Pemerintah Daerah melalui Perangkat Daerah yang memiliki kewenangan dalam bidang pendidikan dalam melaksanakan kegiatan  teknis operasionalnya dapat membentuk unit pelaksana teknis, hal ini sesuai dengan Peraturan Pemerintah No 18 Tahun 2016 tentang Organisasi Perangkat Daerah, serta Peraturan Menteri Dalam Negeri No 56 Tahun 2010 tentang Perubahan atas Permendagri No 57 Tahun 2007 tentang Petunjuk Teknis Penataan Organisasi Perangkat Daerah.
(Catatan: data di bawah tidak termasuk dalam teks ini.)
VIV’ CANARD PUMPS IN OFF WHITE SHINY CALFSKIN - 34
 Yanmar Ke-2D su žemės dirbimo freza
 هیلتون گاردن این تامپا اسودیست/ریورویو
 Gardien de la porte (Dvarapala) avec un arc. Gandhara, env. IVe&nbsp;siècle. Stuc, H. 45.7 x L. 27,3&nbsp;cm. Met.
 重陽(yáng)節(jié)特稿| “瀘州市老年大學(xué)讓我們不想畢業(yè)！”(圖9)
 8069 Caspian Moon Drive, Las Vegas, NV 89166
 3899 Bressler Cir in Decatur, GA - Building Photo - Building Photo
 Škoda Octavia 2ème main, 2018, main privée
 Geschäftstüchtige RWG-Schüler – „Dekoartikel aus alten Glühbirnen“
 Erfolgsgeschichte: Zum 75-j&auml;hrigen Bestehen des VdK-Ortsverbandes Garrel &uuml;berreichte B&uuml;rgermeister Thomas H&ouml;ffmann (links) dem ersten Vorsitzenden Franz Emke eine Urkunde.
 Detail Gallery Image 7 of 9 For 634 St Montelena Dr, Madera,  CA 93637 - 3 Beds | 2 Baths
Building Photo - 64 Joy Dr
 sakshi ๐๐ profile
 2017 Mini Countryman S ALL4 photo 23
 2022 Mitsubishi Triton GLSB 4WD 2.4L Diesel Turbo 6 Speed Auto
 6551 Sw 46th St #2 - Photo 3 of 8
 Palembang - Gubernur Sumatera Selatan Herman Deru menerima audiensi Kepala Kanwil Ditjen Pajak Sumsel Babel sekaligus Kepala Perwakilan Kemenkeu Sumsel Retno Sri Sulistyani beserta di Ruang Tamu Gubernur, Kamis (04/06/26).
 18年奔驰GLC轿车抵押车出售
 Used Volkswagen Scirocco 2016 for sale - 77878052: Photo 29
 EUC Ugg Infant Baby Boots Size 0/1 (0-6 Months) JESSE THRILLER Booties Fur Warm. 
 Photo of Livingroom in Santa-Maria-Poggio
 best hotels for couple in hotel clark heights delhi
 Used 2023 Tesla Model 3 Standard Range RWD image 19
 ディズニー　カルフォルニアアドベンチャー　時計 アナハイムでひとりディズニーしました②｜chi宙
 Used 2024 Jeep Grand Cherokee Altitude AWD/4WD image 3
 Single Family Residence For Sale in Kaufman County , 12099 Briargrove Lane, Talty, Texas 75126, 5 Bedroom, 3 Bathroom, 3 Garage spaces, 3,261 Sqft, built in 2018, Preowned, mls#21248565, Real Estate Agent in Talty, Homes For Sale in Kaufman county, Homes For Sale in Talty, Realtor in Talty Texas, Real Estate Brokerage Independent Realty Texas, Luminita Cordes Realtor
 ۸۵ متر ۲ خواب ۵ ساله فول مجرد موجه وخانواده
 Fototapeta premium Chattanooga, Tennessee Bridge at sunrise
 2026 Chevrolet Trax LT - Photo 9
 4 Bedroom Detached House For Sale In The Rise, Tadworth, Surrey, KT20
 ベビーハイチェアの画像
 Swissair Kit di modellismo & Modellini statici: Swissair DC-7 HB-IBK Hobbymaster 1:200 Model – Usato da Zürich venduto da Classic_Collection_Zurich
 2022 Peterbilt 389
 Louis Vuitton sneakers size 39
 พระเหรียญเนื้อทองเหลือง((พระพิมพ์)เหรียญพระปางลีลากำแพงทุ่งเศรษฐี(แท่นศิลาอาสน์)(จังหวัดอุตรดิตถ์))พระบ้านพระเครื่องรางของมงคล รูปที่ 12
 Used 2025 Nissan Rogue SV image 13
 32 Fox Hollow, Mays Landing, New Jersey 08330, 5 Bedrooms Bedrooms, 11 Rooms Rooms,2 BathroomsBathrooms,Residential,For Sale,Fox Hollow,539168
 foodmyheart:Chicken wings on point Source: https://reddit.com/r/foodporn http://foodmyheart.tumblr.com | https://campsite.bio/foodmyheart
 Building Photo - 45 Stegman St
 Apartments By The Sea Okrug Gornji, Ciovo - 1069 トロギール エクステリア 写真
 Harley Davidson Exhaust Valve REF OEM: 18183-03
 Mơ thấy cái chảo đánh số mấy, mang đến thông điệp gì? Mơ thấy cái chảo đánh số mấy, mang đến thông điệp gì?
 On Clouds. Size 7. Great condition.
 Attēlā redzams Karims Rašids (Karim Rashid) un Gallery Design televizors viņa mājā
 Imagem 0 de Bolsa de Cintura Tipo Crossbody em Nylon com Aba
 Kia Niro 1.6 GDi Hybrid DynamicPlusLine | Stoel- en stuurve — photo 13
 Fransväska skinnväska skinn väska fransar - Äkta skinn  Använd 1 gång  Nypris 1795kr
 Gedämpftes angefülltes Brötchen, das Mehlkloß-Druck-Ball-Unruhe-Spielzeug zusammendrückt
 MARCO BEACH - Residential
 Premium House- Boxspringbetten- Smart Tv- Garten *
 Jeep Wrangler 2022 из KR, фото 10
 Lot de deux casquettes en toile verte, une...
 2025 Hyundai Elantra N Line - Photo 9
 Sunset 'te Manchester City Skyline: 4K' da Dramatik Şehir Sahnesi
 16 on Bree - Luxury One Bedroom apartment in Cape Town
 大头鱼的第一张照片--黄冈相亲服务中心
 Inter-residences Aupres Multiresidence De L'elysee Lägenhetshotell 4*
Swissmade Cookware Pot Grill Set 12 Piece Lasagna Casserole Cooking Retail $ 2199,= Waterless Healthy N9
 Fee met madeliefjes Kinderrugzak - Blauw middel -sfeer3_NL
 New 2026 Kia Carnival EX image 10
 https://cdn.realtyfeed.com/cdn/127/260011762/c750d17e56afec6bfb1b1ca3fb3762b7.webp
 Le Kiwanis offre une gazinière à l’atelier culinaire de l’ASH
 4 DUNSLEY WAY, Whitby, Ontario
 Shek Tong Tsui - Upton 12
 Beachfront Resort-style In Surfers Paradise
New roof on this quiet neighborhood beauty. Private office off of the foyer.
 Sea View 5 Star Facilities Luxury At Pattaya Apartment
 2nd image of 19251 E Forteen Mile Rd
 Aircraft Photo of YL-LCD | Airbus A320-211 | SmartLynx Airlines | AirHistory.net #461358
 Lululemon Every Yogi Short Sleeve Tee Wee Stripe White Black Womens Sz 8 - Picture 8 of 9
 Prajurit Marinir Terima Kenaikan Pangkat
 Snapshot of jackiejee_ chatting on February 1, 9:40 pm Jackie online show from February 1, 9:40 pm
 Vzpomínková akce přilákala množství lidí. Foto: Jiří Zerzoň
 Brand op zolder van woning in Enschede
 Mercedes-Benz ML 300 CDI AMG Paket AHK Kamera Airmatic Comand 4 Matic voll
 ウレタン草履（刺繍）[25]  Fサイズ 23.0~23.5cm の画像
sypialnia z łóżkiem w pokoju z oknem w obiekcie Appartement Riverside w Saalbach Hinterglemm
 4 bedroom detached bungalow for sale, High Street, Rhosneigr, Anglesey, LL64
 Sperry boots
Pemerintah Kota Yogyakarta melalui Dinas Pendidikan mengajukan pembentukan UPT ( Unit Pelaksana Teknis ) Unit Layanan Disabilitas (ULD) Kota Yogyakarta,  dimana pelayanan pengelolaan pendidikan inklusi dari tahun 2008 – 2015 menjadi tanggung jawab Seksi (Kasi) Manajemen Sekolah Bidang Pendidikan Dasar dan pada tahun 2016-2017 saat ini menjadi tanggung jawab Kepala Bidang Pembinaan SMP  Dinas Pendidikan Kota Yogyakarta. Idealnya pelayanan Pendidikan Inklusi dilaksanakan lebih serius , tidak sekedar dititipkan pada salah satu seksi atau bidang saja. Oleh karena itu adanya suatu UPT Layanan Disabilitas Bidang Pendidikan dan Resource Centre menjadi harapan semakin meningkatnya kualitas layanan pendidikan iklusi di Kota Yogyakarta.

 

Harapan

Seiring dengan makin meningkatnya tuntutan pelayanan kepada masyarakat Kota Yogyakarta terhadap pelayanan pendidikan inklusi, maka pemisahan peran regulator dan operator sudah sangat mendesak untuk dilaksanakan, maka pembentukan UPT Unit Layanan Disabilitas Kota Yogyakarta dirasakan sangat urgen untuk segera diwujutkan.

 

*Drs. Aris Widodo, M Pd , Kepala Unit Layanan Disabilitas Bidang Pendidikan dan Resource Centre.